One indication of that was the fact that they did not have prominent representation at Turkmenistan's major international gas congress held in May.

Is there a danger that Pakistan could turn off gas to India?

Security issues may not be the only obstacles to shipping gas through Tapi.

It seems there is no coherent mechanism in place to prevent participating states from using the pipeline as political leverage against neighbours, particularly if there is a dispute between Pakistan and India.

Turkmenistan's approach is to sell its gas at its border and argue that it is not responsible for whatever happens afterwards, says John Roberts.

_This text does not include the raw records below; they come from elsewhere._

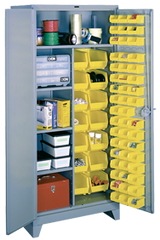 36 x 21 x 82'' (64 Bins Included) - Bin Storage Cabinet - Exact Industrial Supply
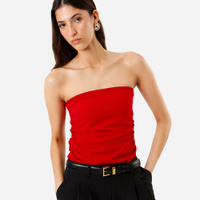 Blusa sem alça feminina com franzidos vermelha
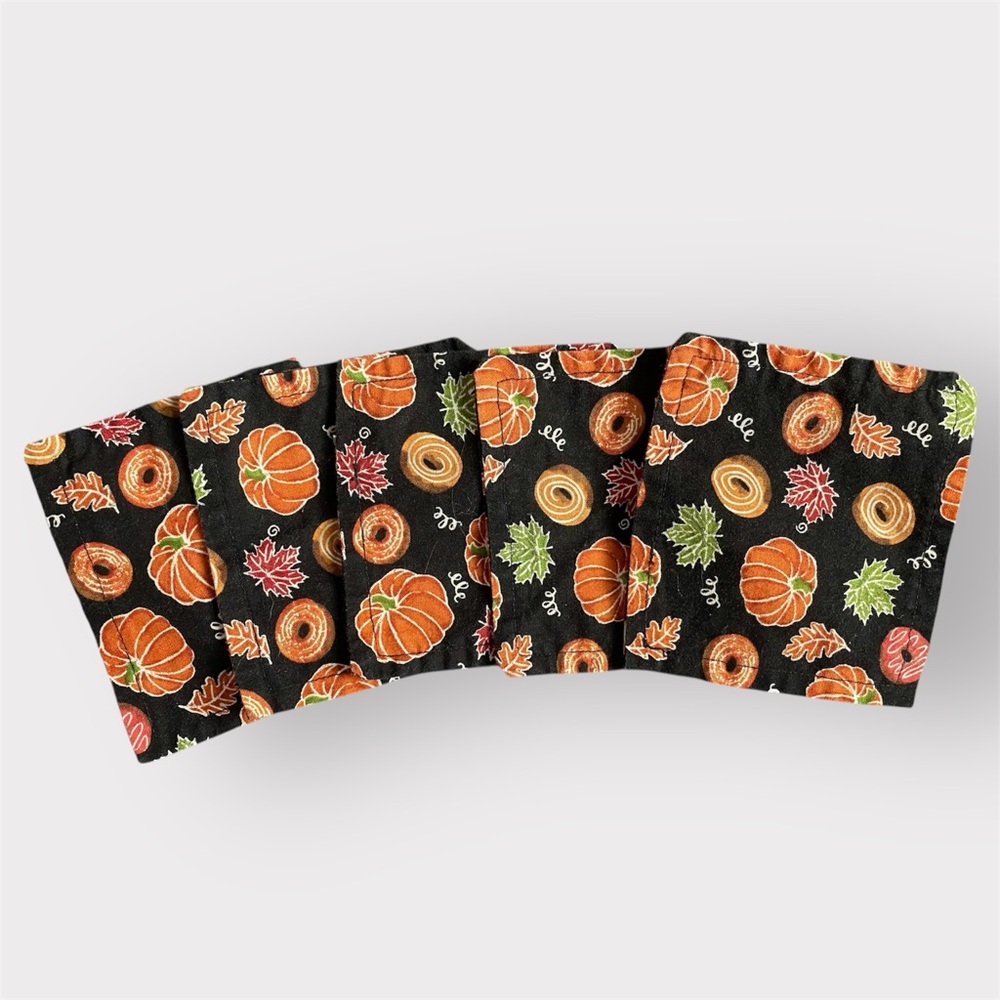 Handmade Multicolored Fall Pumpkin Print Square Fabric Coasters Set Of 5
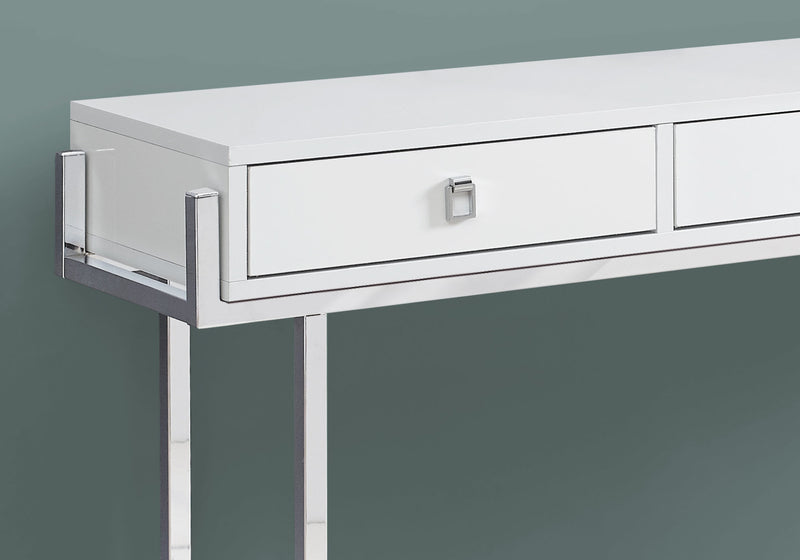 Table d’appoint blanc lustré et métal chromé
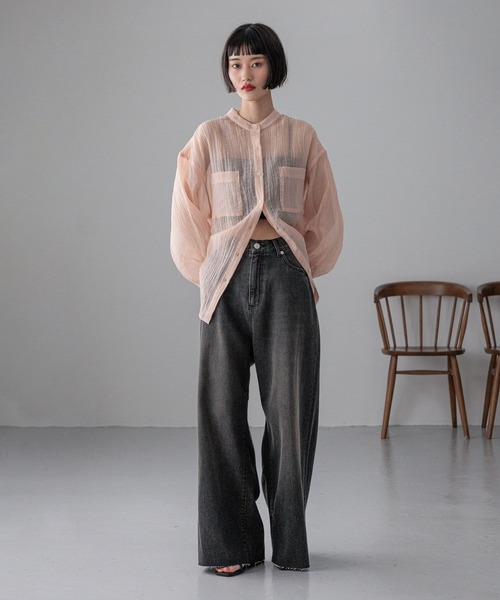 55BRISPINさん専用① LOWRYS FARM（ローリーズファーム） ブラウス シャツ バンドシアー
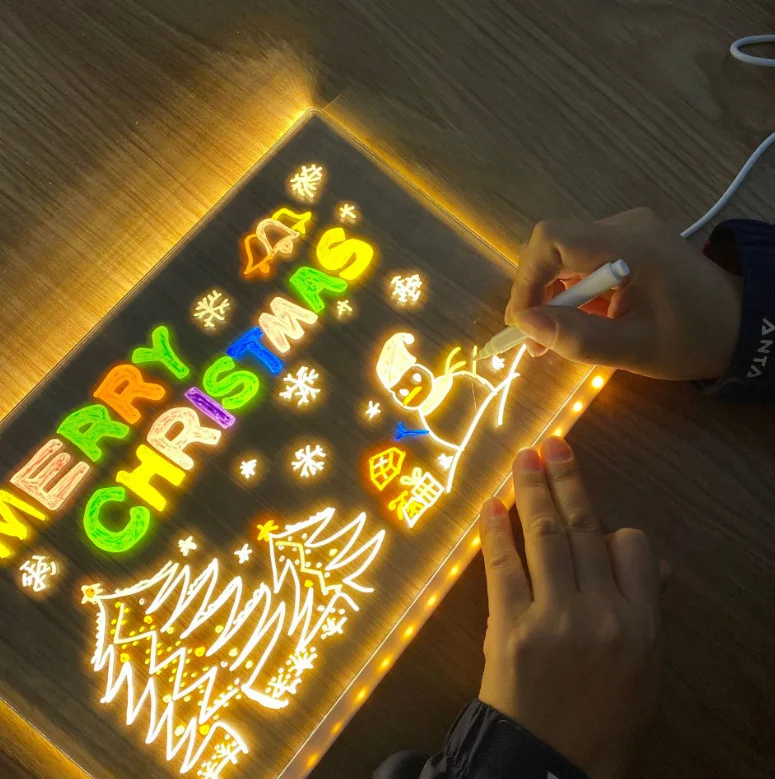 New Arrivals USB Powered Led DIY Board Light Night Light With Colorful Pen Reusable Cute Mini Kids Night Light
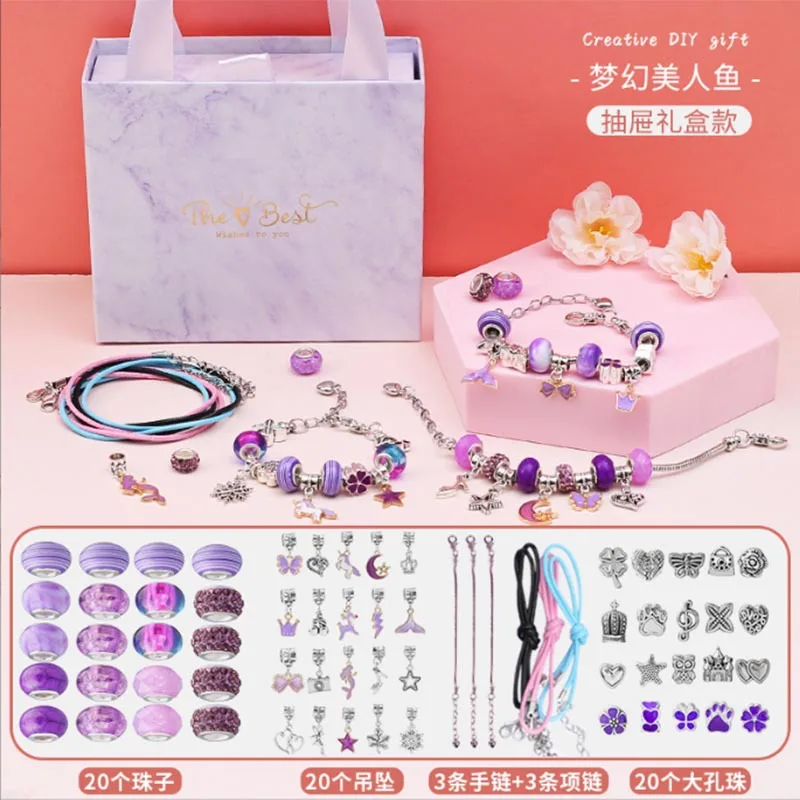 Kit de Fabrication de Bracelets Filles,DIY Charms Bracelet Perles Kit,  Cadeau Jouet Noël pour Enfant Fille 5-13 Ans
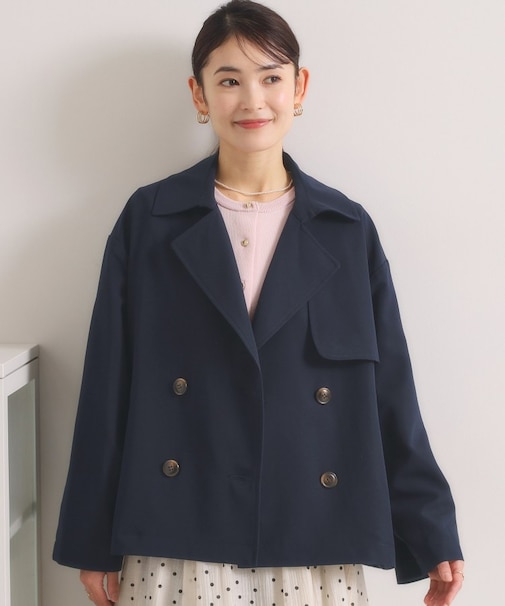 【撥水／花粉防止／手洗い可】ショートトレンチコート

So it is not clear who will ensure that Pakistan will not cut off the gas flow into India if there is a new wave of tension between the two countries.

The Asian Development Bank, the transaction adviser of this project, gave a somewhat vague answer when approached by the BBC.

"We believe all parties will be actively working to ensure that gas flows cannot be manipulated for political advantage and they will put in place suitable mechanisms to deter adequately the temptation to do so."

How safe is it to have a pipeline across Afghanistan?

Security issues are another major challenge for this project. More than 700km of the pipeline will cross through Afghanistan, including Helmand and Kandahar provinces that are traditionally considered to be Taliban strongholds.

The Afghan government has promised to provide troops to protect the pipeline.

However, with the end of Nato's operation, the security situation seems to be deteriorating. Recent reports about clashes near the Turkmen-Afghan border and the Taliban gaining strength in the north makes the project even less attractive for investors.

The pipeline was expected to be operational from 2017 but has been pushed back to 2018. Recently, Afghan President Ashraf Ghani said that the pipeline would not be completed in the next five years, casting even more doubt on its future.

So a combination of security issues and financial questions means that there is a long way to go before the Tapi project gets off the ground.

The way Turkmenistan deals with the financial problems in particular will have a direct impact on its other projects, including the construction of the Trans-Caspian pipeline that is projected to ship Turkmen gas to Europe.

If Turkmenistan refuses to let foreign companies have direct access to its gas fields, those other projects are - like the Tapi project - in danger of remaining pipe dreams.